When he looks back at the platoon, he sees Fick standing off to the side. One of his hands is moving, and Brad realizes he’s counting to make sure everyone is there. When he stops, he looks over suddenly and meets Brad’s gaze. Now we’re going home, he mouths with a lopsided smile.

Roger that, sir, Brad mouths in reply.

*

He's disappointed when he hears Fick is leaving the Corps - they need leaders like him, men who can walk that sometimes-fine line between taking care of their Marines and getting the job done - but he's not surprised. It's the Corps' loss, not Fick's. There's no doubt in his mind that the Captain was made for better things than the possibility of death on dusty foreign soil.

The paddle passes from man to man until it comes to Brad. He's sort of drunk, but no more drunk than everyone else, Fick included. "My fondest memory of Captain Fick," Brad intones, holding the carved piece of wood, painted for First Recon and with a parachute cord-wrapped handle, high above his head. Then he sighs. "Fuck, I think you ladies have covered every fucking thing already."

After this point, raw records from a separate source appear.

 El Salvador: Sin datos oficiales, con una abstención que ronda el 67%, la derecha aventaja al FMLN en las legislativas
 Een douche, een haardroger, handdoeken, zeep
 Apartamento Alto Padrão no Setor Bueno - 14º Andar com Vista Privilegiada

Everyone laughs except the Captain, although he smiles at no one in particular.

Brad had thought about this before, but every story he'd come up with, someone else has already told. "I'm sorry you're leaving, sir," he says instead. "You know the point of this ritual but I'm going to say it anyway. We're less without you."

Then he passes the paddle to Gunny Wynn, who launches into a tale of being awake for forty-eight hours on a Recon training mission. Brad can feel Fick's gaze still on him. The itch lights in his skull again, and it's confusing. He doesn't know what he's feeling in that moment.

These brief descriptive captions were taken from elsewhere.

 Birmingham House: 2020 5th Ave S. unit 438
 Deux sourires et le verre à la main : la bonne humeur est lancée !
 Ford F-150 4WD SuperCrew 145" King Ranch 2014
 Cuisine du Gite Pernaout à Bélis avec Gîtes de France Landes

He reaches for the nearest bottle.

*

On Fick's last day with Recon, Brad is the first man at the squad bay. The doors are all unlocked, and he stands outside the office for a moment, looking in at the desk that had been Fick's, and now belongs to Morel. There's a box sitting on it, half open. The top is labeled in thick black marker. FICK.

Brad looks at it a second longer, then makes up his mind. He goes back to his locker and grabs the nearest piece of PT gear, a slightly faded sweatshirt. Carefully, he folds it. Then he slips into the darkened office and tucks it underneath the other items in the box.

It's probably the wrong choice, he knows. This... thing, in his head - he's willing to bet it's only his imagination. And Fick is likely to throw this box in a closet and leave it there for years besides. But Brad's doing this anyway, leaving the sweatshirt as a question he can't ask out loud.

He closes the office door with a soft click, and goes to wait for the rest of the platoon to arrive.